*Exercise input*
====================

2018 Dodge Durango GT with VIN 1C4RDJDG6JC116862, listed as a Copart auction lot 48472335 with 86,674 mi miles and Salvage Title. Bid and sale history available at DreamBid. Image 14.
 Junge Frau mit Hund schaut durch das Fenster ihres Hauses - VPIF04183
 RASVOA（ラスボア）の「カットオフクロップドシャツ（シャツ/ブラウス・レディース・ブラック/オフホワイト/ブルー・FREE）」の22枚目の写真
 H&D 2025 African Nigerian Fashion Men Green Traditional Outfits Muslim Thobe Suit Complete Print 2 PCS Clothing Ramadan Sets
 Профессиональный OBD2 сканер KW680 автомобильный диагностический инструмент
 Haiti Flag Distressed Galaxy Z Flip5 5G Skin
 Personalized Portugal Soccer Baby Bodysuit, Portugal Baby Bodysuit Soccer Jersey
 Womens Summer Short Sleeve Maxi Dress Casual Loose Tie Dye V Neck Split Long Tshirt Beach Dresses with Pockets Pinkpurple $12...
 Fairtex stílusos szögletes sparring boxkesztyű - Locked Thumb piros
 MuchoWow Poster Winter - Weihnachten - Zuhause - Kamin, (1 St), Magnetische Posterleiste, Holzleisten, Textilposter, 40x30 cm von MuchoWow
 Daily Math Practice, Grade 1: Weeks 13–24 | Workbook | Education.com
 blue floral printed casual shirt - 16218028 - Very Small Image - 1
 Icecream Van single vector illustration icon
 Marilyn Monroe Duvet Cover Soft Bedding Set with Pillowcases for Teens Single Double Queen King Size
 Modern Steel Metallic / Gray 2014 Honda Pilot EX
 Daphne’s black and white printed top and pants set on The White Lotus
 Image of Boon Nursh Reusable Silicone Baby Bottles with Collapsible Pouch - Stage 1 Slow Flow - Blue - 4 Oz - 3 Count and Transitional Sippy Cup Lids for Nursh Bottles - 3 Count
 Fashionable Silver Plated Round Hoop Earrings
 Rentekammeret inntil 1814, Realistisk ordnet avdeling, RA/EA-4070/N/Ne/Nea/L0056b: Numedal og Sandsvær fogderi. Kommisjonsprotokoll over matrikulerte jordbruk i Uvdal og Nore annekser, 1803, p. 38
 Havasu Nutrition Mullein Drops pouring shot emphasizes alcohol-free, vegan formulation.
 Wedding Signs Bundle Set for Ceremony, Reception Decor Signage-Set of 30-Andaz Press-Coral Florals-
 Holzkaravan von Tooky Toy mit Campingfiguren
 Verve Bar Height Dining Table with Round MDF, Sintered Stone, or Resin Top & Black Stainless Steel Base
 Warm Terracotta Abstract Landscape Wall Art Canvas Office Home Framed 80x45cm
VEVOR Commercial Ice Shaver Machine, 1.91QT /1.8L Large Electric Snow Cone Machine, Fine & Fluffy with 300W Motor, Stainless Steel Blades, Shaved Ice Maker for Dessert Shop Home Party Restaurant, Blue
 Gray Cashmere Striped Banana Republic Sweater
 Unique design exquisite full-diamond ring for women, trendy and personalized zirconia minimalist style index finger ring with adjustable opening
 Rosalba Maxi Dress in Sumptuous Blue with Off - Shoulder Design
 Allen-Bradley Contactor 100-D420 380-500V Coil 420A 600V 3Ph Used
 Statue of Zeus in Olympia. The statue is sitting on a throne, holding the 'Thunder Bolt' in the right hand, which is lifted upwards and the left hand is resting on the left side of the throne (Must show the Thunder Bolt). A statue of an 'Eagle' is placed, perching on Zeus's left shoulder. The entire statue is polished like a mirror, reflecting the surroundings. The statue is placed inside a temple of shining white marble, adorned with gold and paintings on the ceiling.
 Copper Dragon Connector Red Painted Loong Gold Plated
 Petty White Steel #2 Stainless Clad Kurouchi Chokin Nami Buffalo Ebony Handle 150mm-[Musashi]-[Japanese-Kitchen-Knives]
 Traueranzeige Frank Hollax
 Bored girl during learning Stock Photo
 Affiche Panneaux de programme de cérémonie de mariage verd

====================

*The task*
Looking at the entries above, can you reproduce exactly the lines from the one that holds "Junge Frau mit" through the one that holds "Personalized Portugal Soccer", and only those?

*Answer area*
 Junge Frau mit Hund schaut durch das Fenster ihres Hauses - VPIF04183
 RASVOA（ラスボア）の「カットオフクロップドシャツ（シャツ/ブラウス・レディース・ブラック/オフホワイト/ブルー・FREE）」の22枚目の写真
 H&D 2025 African Nigerian Fashion Men Green Traditional Outfits Muslim Thobe Suit Complete Print 2 PCS Clothing Ramadan Sets
 Профессиональный OBD2 сканер KW680 автомобильный диагностический инструмент
 Haiti Flag Distressed Galaxy Z Flip5 5G Skin
 Personalized Portugal Soccer Baby Bodysuit, Portugal Baby Bodysuit Soccer Jersey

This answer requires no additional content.